(Beginning of Records for processing)

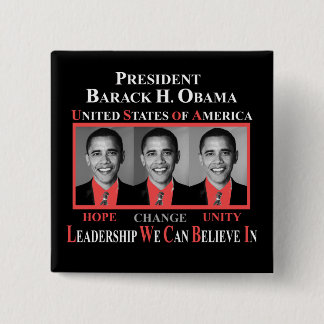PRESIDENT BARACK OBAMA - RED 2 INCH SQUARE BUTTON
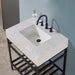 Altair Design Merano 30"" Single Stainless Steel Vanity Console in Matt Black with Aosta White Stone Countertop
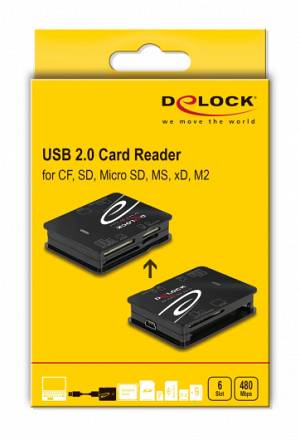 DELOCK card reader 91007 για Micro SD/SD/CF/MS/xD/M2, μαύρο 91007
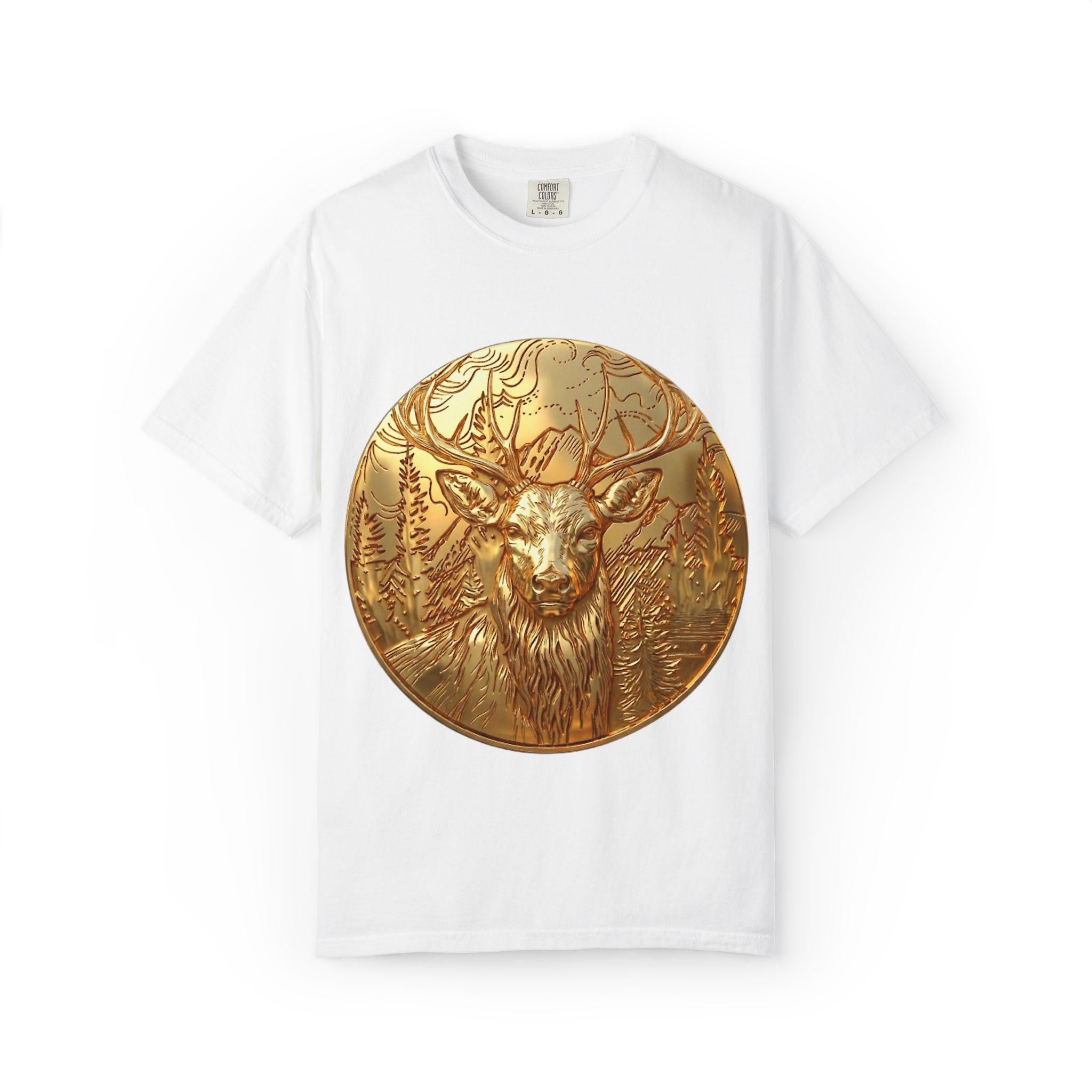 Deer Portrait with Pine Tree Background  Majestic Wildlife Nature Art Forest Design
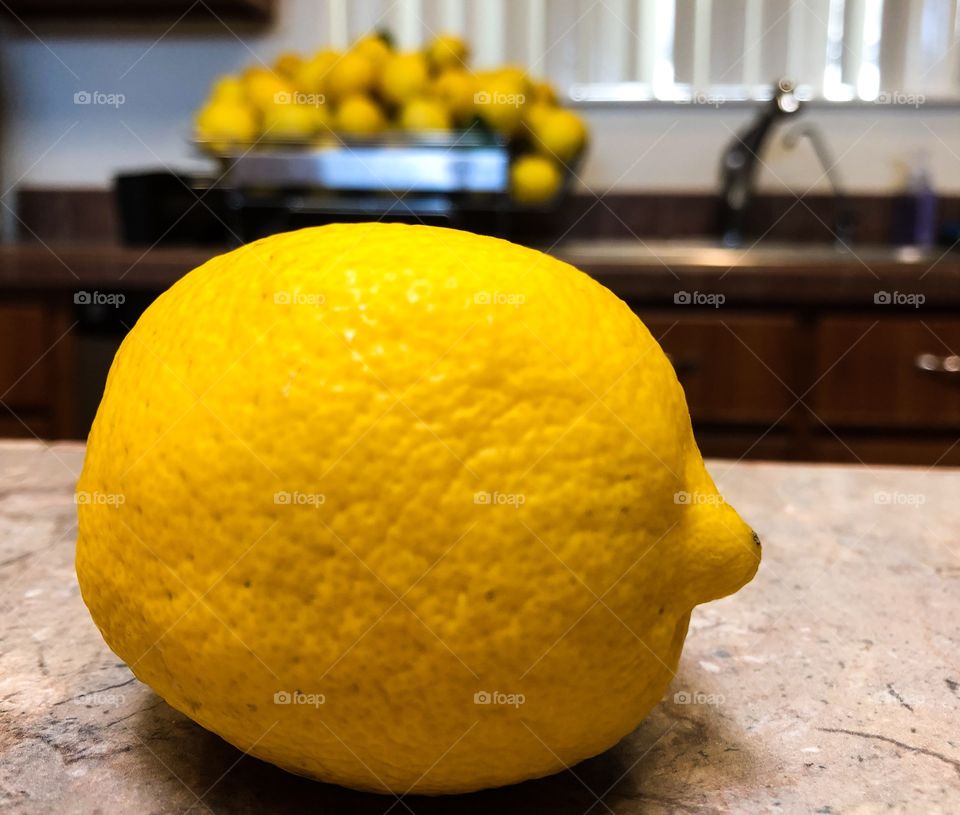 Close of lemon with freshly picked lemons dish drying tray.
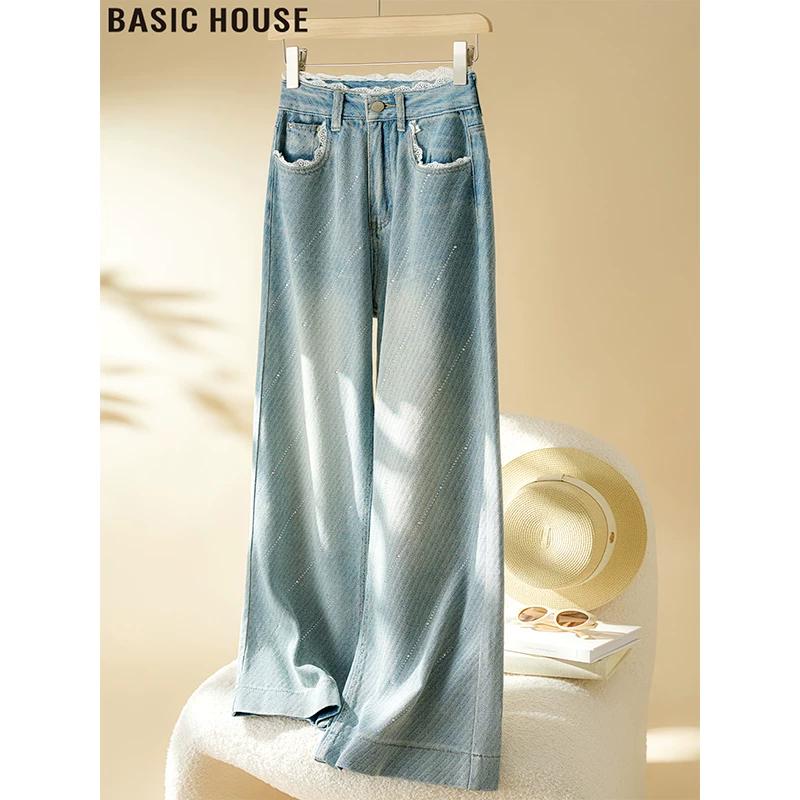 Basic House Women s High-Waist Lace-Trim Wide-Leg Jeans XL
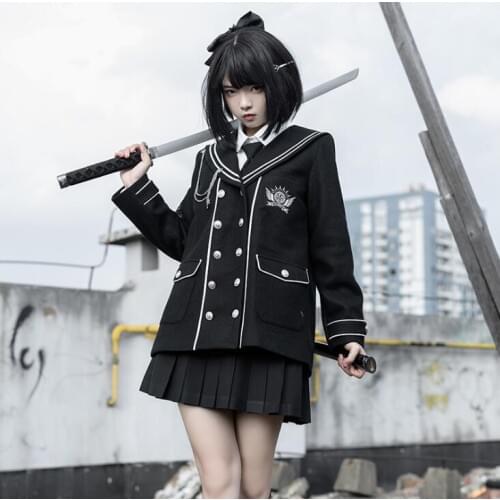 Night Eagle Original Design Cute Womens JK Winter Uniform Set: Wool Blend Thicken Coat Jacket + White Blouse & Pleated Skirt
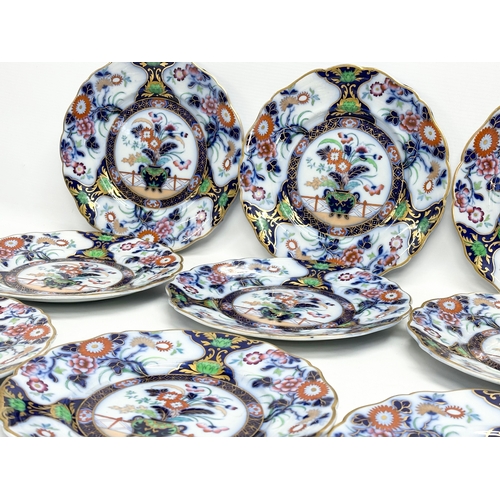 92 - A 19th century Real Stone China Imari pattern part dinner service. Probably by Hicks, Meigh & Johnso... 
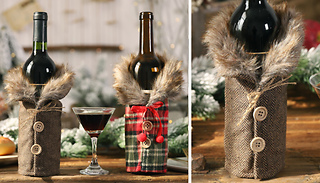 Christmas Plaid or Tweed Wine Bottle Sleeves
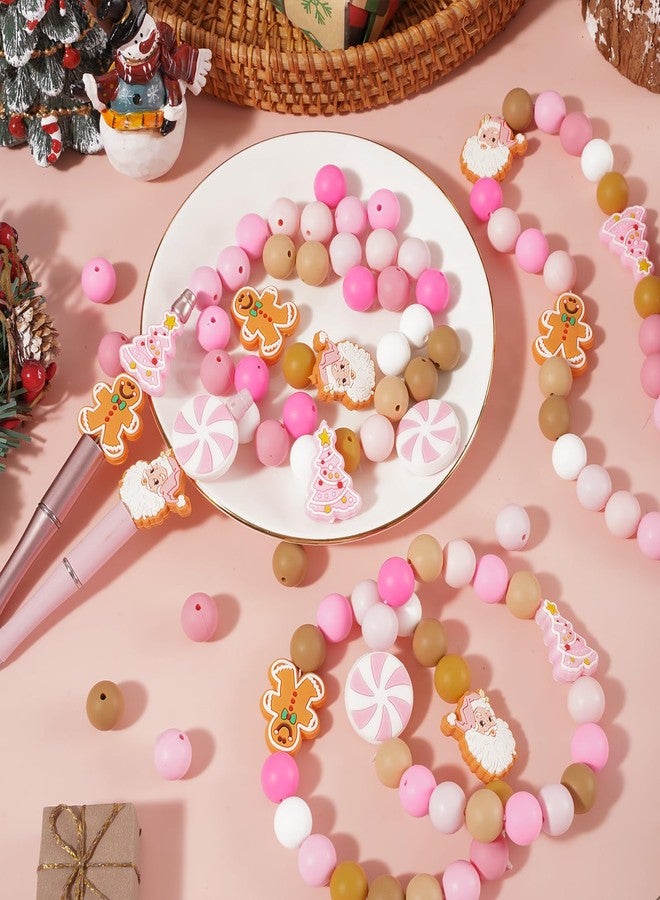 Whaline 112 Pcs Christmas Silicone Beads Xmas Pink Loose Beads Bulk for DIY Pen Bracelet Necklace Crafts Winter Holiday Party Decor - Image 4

(End of Records for processing)

**What the exercise asks**
If a record holds a picture, drop the picture and reproduce everything else exactly.

**Result for this task**
PRESIDENT BARACK OBAMA - RED 2 INCH SQUARE BUTTON
 Altair Design Merano 30"" Single Stainless Steel Vanity Console in Matt Black with Aosta White Stone Countertop
 DELOCK card reader 91007 για Micro SD/SD/CF/MS/xD/M2, μαύρο 91007
 Deer Portrait with Pine Tree Background  Majestic Wildlife Nature Art Forest Design
 Close of lemon with freshly picked lemons dish drying tray.
 Basic House Women s High-Waist Lace-Trim Wide-Leg Jeans XL
 Night Eagle Original Design Cute Womens JK Winter Uniform Set: Wool Blend Thicken Coat Jacket + White Blouse & Pleated Skirt
 92 - A 19th century Real Stone China Imari pattern part dinner service. Probably by Hicks, Meigh & Johnso... 
 Christmas Plaid or Tweed Wine Bottle Sleeves
 Whaline 112 Pcs Christmas Silicone Beads Xmas Pink Loose Beads Bulk for DIY Pen Bracelet Necklace Crafts Winter Holiday Party Decor - Image 4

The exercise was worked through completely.